Rivera-Lopez was declared deceased after being previously listed as “duty status: whereabouts unknown,” the Pentagon said Friday in a statement.
A few hours earlier, a Pentagon spokesman said his body had not been recovered since the Aug. 25 crash — it’s not clear whether it was later found, resulting in the status change. Central Command referred questions to Army Special Operations Command, where a spokesman said he did not have that information on Saturday.
Rivera-Lopez, 31, was assigned to the elite 160th Special Operation Aviation Regiment. The unit, known as Night Stalkers, specializes in flying difficult nighttime missions, often ferrying ground special operations troops into battle.
Born in San Juan, Puerto Rico, Rivera-Lopez enlisted in the Army in July 2006 as a Black Hawk helicopter repairer, serving with units in the 82nd Airborne Division’s Combat Aviation Brigade, including MEDEVAC, until May 2013, according to a biography provided by Lt. Col. Robert Bockholt, a Special Operations Command spokesman. Rivera-Lopez joined the Night Stalkers in July 2013, first as a Black Hawk maintainer and squad leader, and later as a section sergeant and crew chief.
His honors and decorations include multiple awards of the Air Medal, Army Commendation Medal, including one for valor, and Army Achievement Medal. He also earned medals for service in Afghanistan and in support of the Global War on Terror, as well as an Overseas Service Ribbon, a NATO medal, Combat Action Badge, Aviation Badge and Parachutist Badge.
“We offer our condolences to the family and friends of Staff Sgt. Rivera-Lopez as we all mourn his loss today,” Bockholt said. “We are working closely with his family and will keep them in our prayers.”
The aviation regiment’s Savannah, Georgia.-based 3rd battalion will hold a memorial ceremony to honor Rivera-Lopez at Hunter Army Airfield on Tuesday afternoon, according to a Facebook post by the Night Stalker Association’s local chapter.

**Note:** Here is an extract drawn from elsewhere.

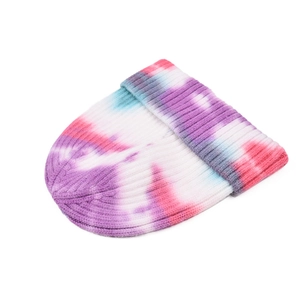Détail du bonnet en maille tie-dye montrant la texture côtelée et le mélange de pastels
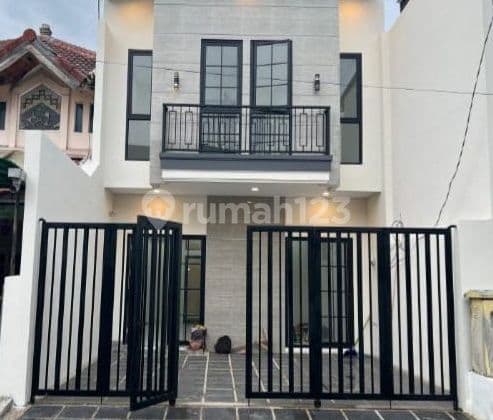 Bebas Banjir, Rumah, 2 Lantai, SHM, Dekat Pusat Perbelanjaan, bisa KPR, Lokasi Kenjeran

In addition to Rivera-Lopez, five other soldiers were in the Black Hawk when it crashed, about 20 miles off Yemen’s coast during a training flight. The five other soldiers were rescued by nearby ships, Col. John J. Thomas, spokesman for Central Command, told The Washington Post last week.

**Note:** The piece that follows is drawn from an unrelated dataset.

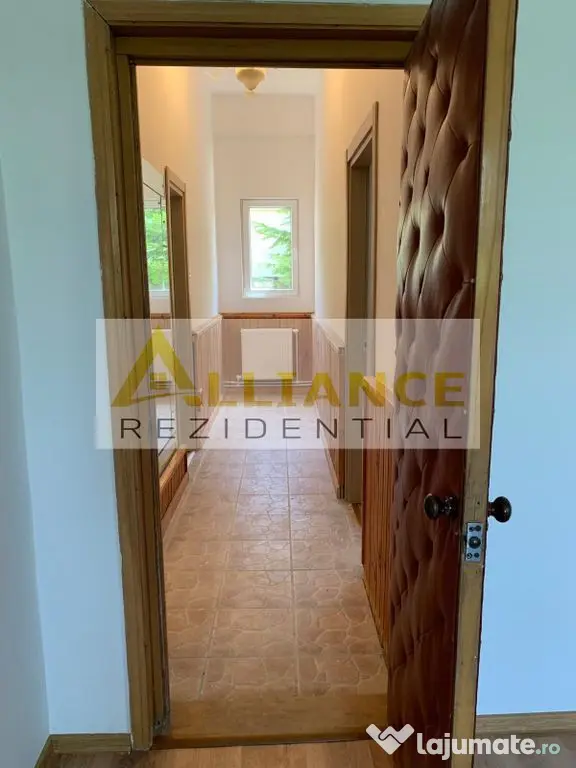 Casa individuala de vanzare in Catelu - 14 camere - teren 1550 mp - Catelu (Bucuresti-Ilfov)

Thomas told the Post that the Black Hawk was conducting hoist training. It was just feet above the water when it lost power and went into the water, quickly rolling over. The cause of the crash is under investigation, according to the Pentagon statement.
The Pentagon said the helicopter that crashed was not involved in a combat mission. The military has a small number of troops deployed in Yemen to aid the fight against an al-Qaida group in the country. It has conducted ground raids against the terrorist group there this year, including an operation in late January in which Navy SEAL Chief Petty Officer William Owens was killed and an MV-22 Osprey tilt-rotor aircraft was destroyed after it crashed.